28 Amps? Christ, 5 Amps generally starts to set you on fire internally. I would think about half an amp for say 5 seconds is usually enough to make it quite lethal. You would need to puncture the body to get inside with the probes. This drops the body resistance to about a 300-1000 ohms. That means you want about 150-500 volts for say 10 seconds would take care of most people. The probes would melt long before then anyway.
 
I think tazers uses pulses. It's not a constant 10kV. It switches on and off just enough to get you to spasm, but not long enough to burn tissue and nerves.

Wires 1/8th of an inch in diameter should pass more than 10amps. A 9V battery should be close to 500mAh and could probably discharge close to an 1A of current at 9V for 10 minutes. It should be more than enough to kill someone if you can hook it up to a person so that it passes through the heart. This of course would be the tricky part.
 
28 Amps? Christ, 5 Amps generally starts to set you on fire internally. I would think about half an amp for say 5 seconds is usually enough to make it quite lethal.

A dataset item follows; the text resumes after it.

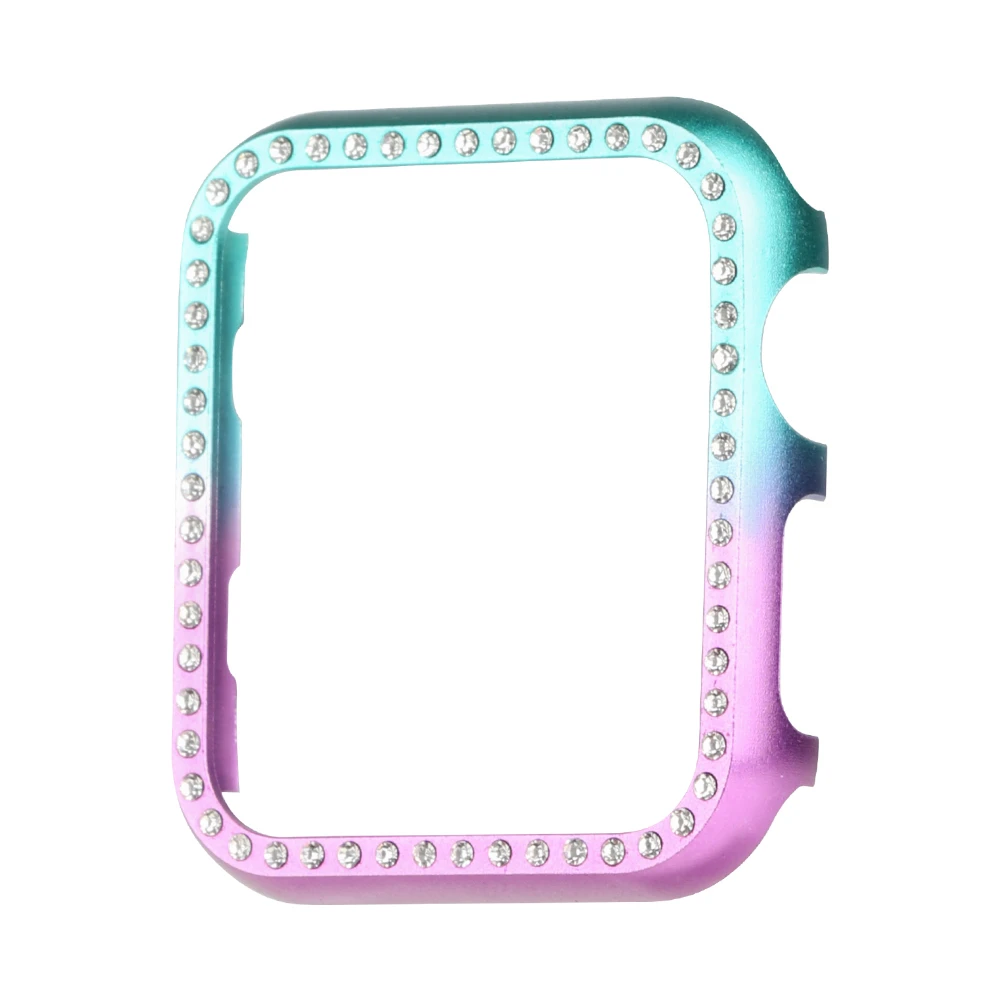 thumbnail image 1 of Estuche de diamantes para Apple Watch Series 9 8 7 41 mm 45 mm, cubierta de parachoques de metal para iWatch 9 8 6 SE 40 mm 44 mm, marco ultrafino protector, 1 of 5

Absolutely. I've taken 277V a few times, 440V once, and 240 once. Worst I've ever had was 110V drawing 2 amps. That one went through my finger, up my arm all the way to my shoulder and I thought my arm would never stop shaking, and I doubted the feeling would ever come back in it. The shock was no longer than a second, but the memory will last forever. It should have killed me. One of my bosses rested his entire arm across a live 440V AC crane hot rail. He immediately stiffened and that kicked the ladder out from under him. Instead of the fall killing him it saved his life. Another buddy of mine poked his hand under an old 440V starter to bypass the safeties and bump a motor and took a poke that lifted his legs out from underneath him dropping him on his ass. I admonished him, asking what were the odds of taking a poke if he'd simply put on his gloves. He said, "considerably less.":D We electricians are a crazy bunch. It's as dangerous as getting shot. There's no taking it back.